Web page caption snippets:
=====

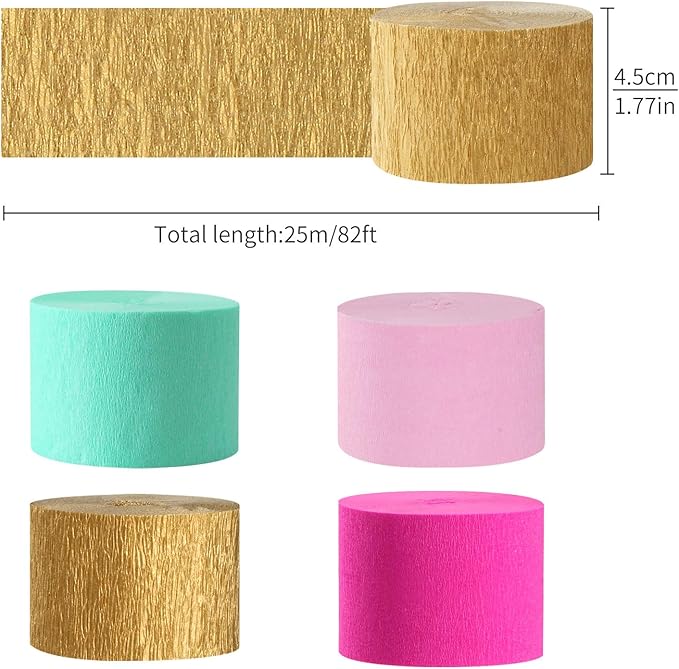 Mint-Blush Hot-Pink Gold Party-Decorations Streamers - 8 Rolls Birthday Baby Bridal Shower Wedding Crepe Tissue Paper Streamer,Bachelorette Engagement Garland Decor Panduola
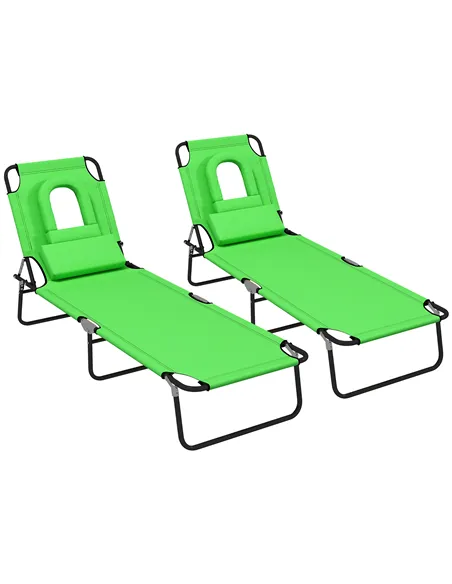 Outsunny Outdoor Folding Sun Lounger Set of 2 with Face Hole, 4 Level Adjustable Backrest Reclining Garden Lounger, Garden Recli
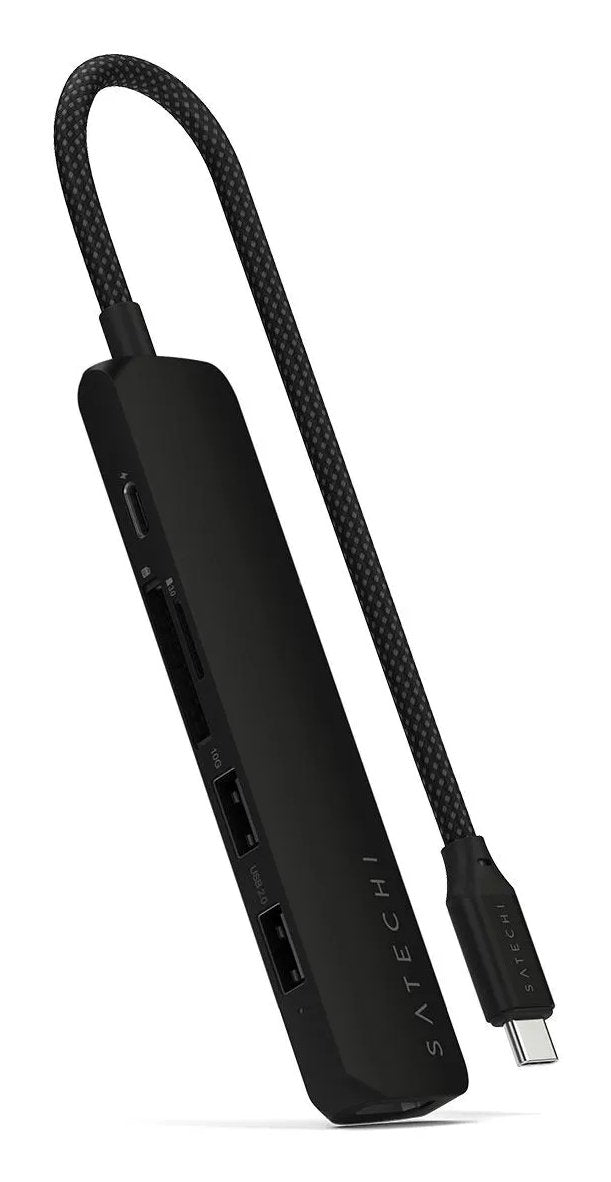 Satechi 6-W-1 Usb-C Slim Multiport Usb-C (Usb-C, 2x Usb-A, 4k Hdmi, Czytnik Kart Micro/Sd) (Negro)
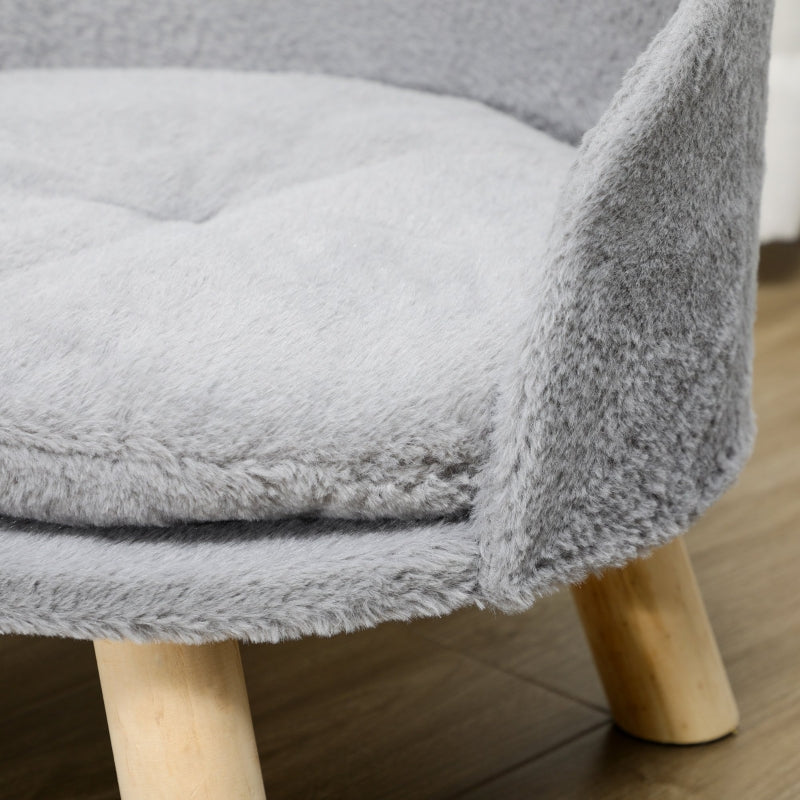 Verhoogde hondenmand kattenmand met wasbaar kussen – grijs – Ø41×33 cm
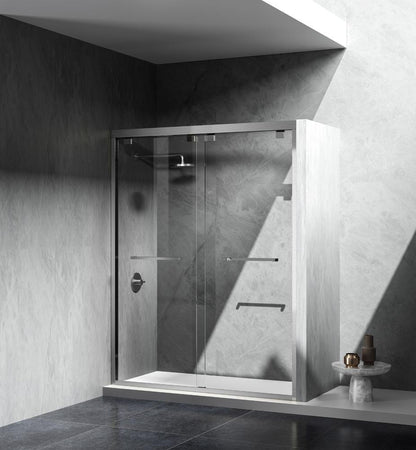 Elegant Furniture & Lighting - Warren Semi-frameless shower door 60 x 76 Brushed Nickel - SD303-6076BNK veiw 4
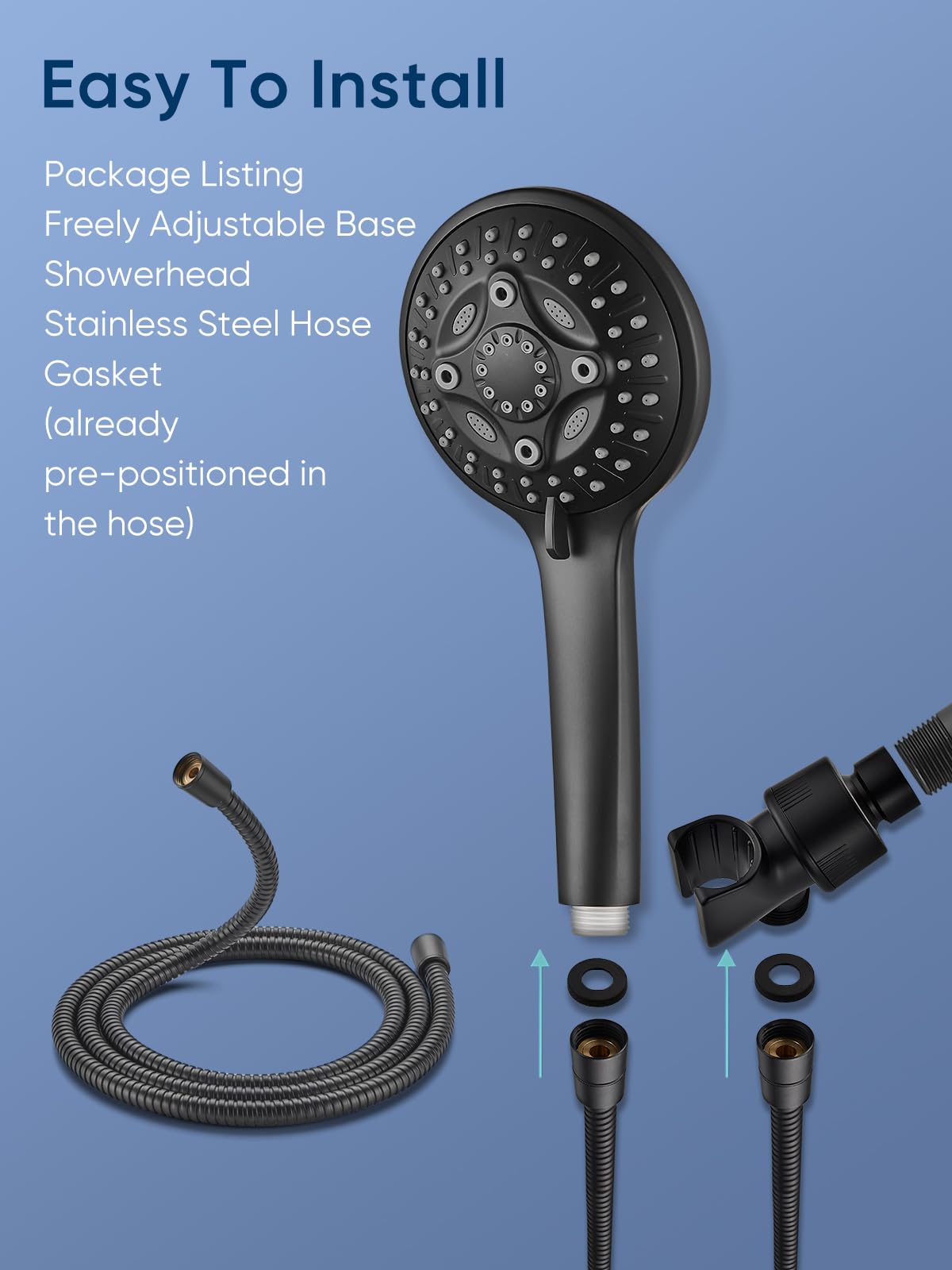 Heemli 12 Inch Rain Shower Head - High Pressure Shower Head, Dual Shower Heads with 8 Modes Handheld Spray Combo - Upgrade Extension Arm Height Adjustable, Black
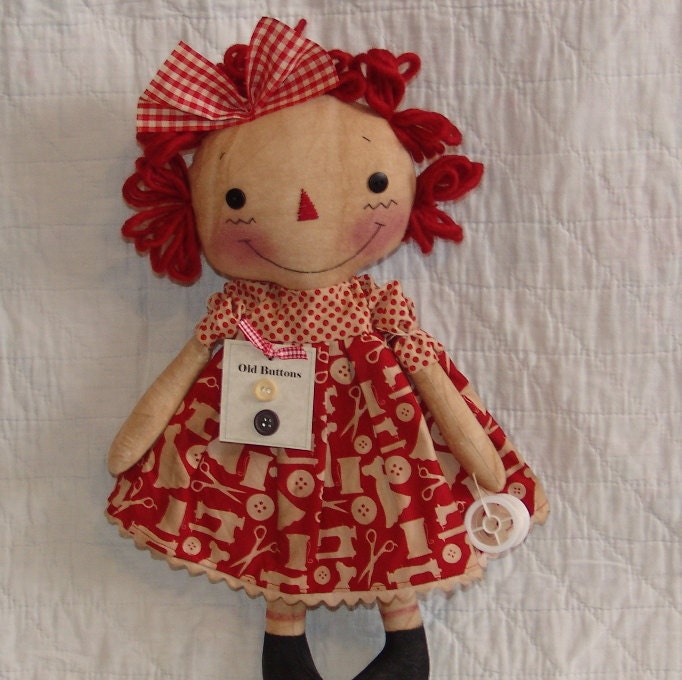 Primitive Raggedy Cloth Doll Pattern Craft Raggedy Doll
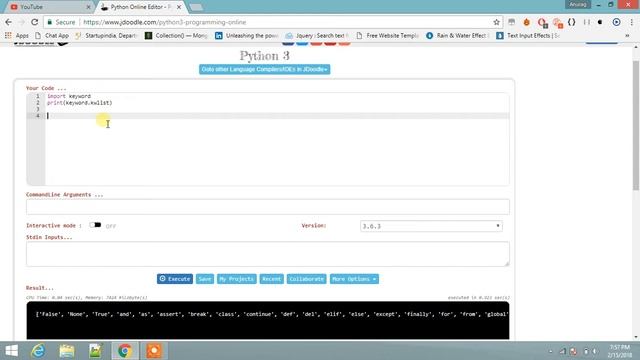 Python Tutorial for Beginners 7 - keywords in python | is keyword in python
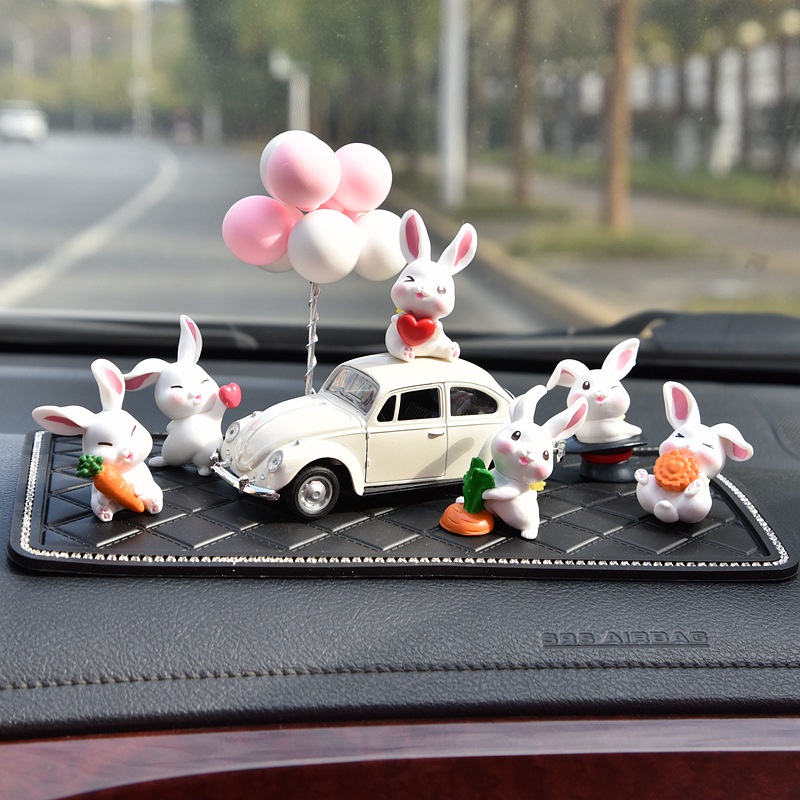 Phụ Kiện Trang Trí Xe Hơi Hình Thỏ Bí Ngô Dễ Thương Sáng Tạo
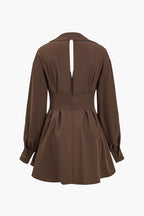 Kesilip Çıkarılmış Bağcıklı Uzun Kollu Mini Elbise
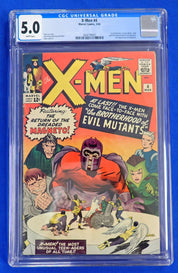 X-Men #4 (1964) - CGC Graded 5.0 - 1st Quicksilver, Scarlet Witch, 2nd Magneto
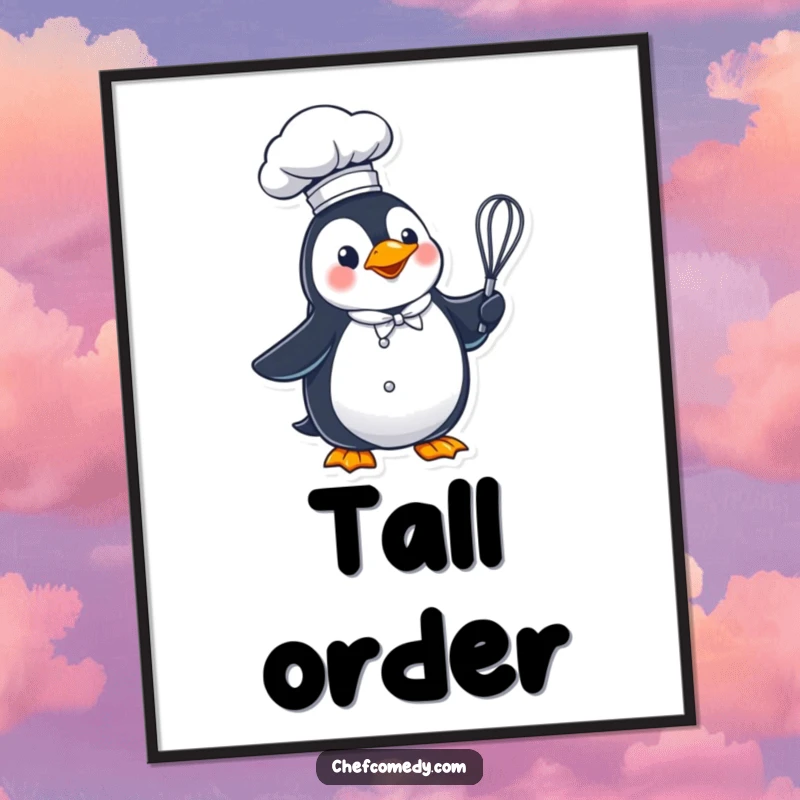 Funny penguin chef wearing a tall hat, holding a whisk, ready to create culinary magic.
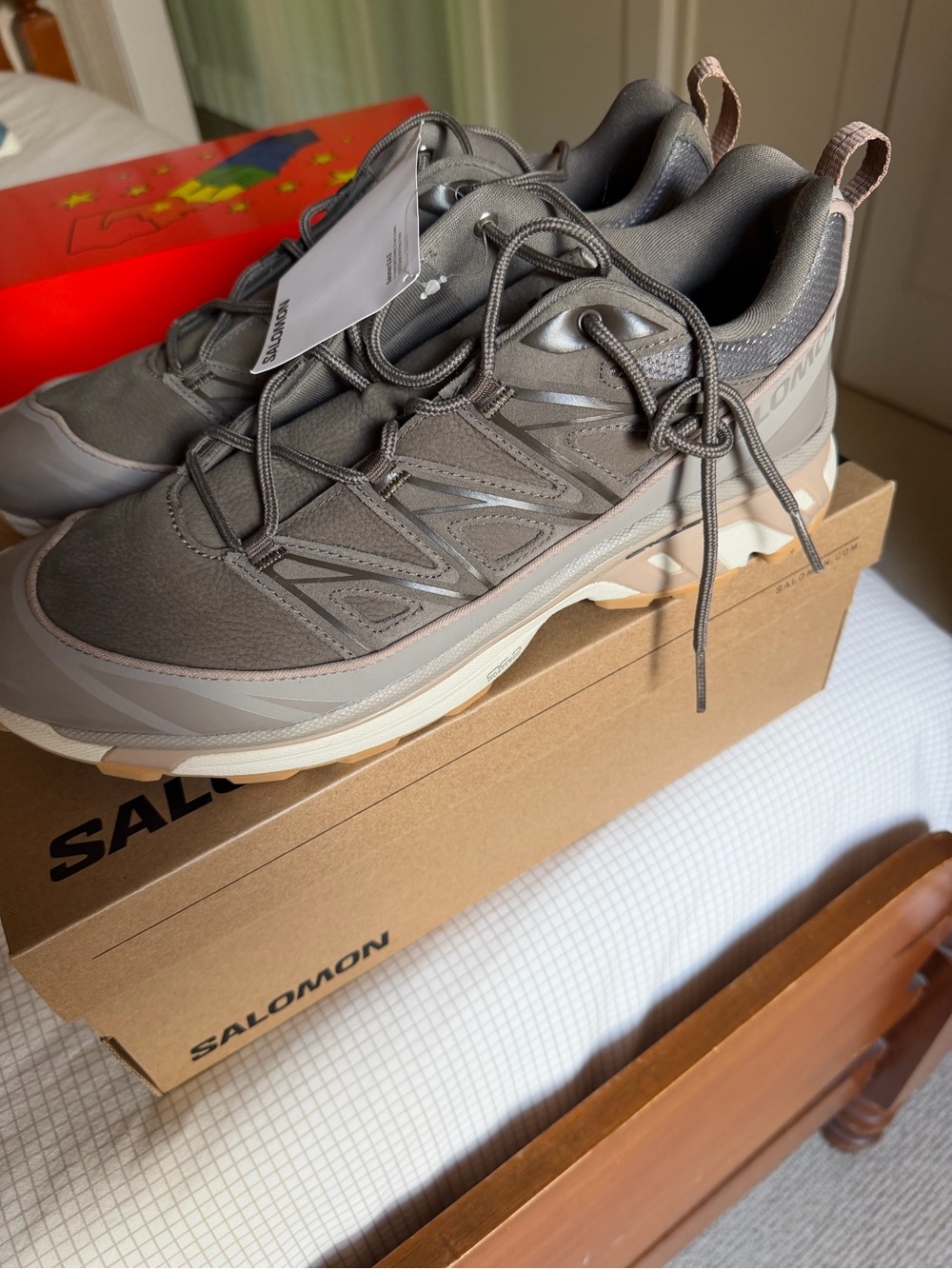 Salomon Taupe and Cream Men's Trail Sneakers
NWT.  Unique color scheme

=====

Copy nothing past the line containing "Verhoogde hondenmand kattenmand": reproduce every line from the start of the records up to it, skipping pictures.

 Mint-Blush Hot-Pink Gold Party-Decorations Streamers - 8 Rolls Birthday Baby Bridal Shower Wedding Crepe Tissue Paper Streamer,Bachelorette Engagement Garland Decor Panduola
 Outsunny Outdoor Folding Sun Lounger Set of 2 with Face Hole, 4 Level Adjustable Backrest Reclining Garden Lounger, Garden Recli
 Satechi 6-W-1 Usb-C Slim Multiport Usb-C (Usb-C, 2x Usb-A, 4k Hdmi, Czytnik Kart Micro/Sd) (Negro)
 Verhoogde hondenmand kattenmand met wasbaar kussen – grijs – Ø41×33 cm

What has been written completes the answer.